Подняв листок, он по-стариковски отнес его подальше от глаз, помедлил и снова опустил.
– Я сейчас… тут один списочек буду читать. И пусть только кто-нибудь… – угрожающе повысил он колючий голос и погрозил под балкон пальцем, – пусть кто-нибудь посмеет тявкнуть, перебить! Да! Потому что список этот… наших же ребят. Физкультурников, футболистов… и других. Да, и других… Их сейчас тут нету, нет! Они остались там – под Сталинградом, Курском, под Берлином… то есть на войне остались и не вернулись, не пришли.
Потирая горло, он опустил руку с листочком и никак не мог начать читать.
Установилась тишина, будто всех, кто находился в зале, незримо обступило прошлое, великое и горькое. Какую из семей оно, хоть краем, да не захватило!
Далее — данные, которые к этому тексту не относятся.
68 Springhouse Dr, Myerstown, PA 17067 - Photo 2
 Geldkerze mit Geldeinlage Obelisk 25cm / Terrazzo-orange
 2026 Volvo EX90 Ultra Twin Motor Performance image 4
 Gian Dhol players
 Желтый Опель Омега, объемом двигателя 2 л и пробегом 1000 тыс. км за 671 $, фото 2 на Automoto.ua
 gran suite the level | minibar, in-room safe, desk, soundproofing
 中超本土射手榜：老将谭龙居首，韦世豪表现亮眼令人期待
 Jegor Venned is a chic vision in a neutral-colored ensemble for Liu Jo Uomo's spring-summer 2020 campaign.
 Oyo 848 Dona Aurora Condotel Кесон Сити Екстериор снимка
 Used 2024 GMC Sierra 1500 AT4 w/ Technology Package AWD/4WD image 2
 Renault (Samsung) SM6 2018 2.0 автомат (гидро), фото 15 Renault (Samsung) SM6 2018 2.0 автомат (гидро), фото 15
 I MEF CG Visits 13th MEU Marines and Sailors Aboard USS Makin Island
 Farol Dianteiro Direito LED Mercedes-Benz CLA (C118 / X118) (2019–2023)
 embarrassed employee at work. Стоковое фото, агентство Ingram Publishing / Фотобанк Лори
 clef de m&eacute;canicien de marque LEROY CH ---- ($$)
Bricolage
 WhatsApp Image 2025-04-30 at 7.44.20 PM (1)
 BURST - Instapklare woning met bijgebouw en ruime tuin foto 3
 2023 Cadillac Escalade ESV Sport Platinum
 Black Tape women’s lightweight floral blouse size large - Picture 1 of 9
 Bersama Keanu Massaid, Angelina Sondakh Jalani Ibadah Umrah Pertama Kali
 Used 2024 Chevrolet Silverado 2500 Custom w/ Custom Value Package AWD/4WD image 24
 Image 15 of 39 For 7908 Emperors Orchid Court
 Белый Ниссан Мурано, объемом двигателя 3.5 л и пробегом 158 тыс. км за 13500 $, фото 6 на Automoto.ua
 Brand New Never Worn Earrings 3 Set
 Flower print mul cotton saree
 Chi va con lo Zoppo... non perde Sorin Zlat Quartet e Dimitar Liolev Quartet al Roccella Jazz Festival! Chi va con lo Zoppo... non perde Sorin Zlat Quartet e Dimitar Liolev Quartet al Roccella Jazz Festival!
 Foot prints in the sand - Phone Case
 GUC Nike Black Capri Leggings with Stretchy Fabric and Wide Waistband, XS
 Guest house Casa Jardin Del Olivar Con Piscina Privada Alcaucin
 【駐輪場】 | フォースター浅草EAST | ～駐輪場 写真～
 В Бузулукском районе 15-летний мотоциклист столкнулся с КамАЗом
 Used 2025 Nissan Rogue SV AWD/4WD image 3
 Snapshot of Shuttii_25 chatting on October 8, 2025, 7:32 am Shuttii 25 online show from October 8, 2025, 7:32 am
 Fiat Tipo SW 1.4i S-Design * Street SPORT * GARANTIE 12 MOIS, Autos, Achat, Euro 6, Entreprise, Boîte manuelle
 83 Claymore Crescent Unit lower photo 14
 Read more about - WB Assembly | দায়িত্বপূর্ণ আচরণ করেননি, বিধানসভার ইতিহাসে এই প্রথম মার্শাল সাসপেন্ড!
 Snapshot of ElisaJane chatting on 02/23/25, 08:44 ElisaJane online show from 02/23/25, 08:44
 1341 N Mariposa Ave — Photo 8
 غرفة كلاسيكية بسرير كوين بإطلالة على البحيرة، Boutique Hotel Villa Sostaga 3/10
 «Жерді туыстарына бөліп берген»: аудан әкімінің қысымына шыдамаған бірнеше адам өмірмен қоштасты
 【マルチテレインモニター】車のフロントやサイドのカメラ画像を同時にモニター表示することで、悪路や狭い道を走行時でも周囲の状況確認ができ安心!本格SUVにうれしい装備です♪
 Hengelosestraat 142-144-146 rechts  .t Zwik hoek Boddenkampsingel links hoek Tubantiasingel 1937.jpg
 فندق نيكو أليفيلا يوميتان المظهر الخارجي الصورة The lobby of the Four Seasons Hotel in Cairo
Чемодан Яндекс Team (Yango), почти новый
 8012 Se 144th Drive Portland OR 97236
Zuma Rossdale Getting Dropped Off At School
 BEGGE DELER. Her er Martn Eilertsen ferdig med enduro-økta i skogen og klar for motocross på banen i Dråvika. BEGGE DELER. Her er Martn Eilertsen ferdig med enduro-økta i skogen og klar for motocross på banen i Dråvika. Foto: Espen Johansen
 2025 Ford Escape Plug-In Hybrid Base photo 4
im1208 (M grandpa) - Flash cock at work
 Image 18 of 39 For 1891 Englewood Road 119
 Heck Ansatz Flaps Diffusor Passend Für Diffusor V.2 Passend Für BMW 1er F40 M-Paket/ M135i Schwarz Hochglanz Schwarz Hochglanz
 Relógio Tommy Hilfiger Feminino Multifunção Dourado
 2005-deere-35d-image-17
Листок в руке старика Полякова сгибался, он выправил его, и Скачкову был слышен хруст бумаги.
– Ну… так слушайте.
Список был длинный, многие фамилии Скачкову помнились по пьедесталу памятника во дворе вагоноремонтного. Старик отчетливо произносил фамилию погибшего, имя, отчество и каждого отделял паузой, так что Максим Иванович успевал не только вспомнить, но и вполголоса сказать: «Вратарь был… Здорово стоял!» или: «Этот ядро толкал… Вот ручищи были!» Скачков ждал, что где-нибудь в конце услышит и фамилию отца, но нет, не услыхал. Потом, когда все расходились, Скачков спросил отцовского помощника и друга, и Максим Иванович не сразу нашелся что ответить.
– Да ведь как сказать, Геш? Играть, конечно, и он играл, но… не очень, если по правде-то говорить. Мы, бывало, на поле, а он к своей… ну, то есть, к матери твоей. У них там любовь эта самая была – не разлей водой. Молодые же были! Но болеть приходили. Как игра, так и они. Рядышком. Что правда, то правда – ни одной игры не пропускали.
Старик Поляков, завладев всем залом, кончил читать и долго, при общей траурной тишине, складывал и прятал в карман кителя листок. Садиться он не думал – поискал и нашел, где Иван Степанович. Тот сидел с краю, голова опущена, руки мнут, сворачивают в трубочку тетрадь.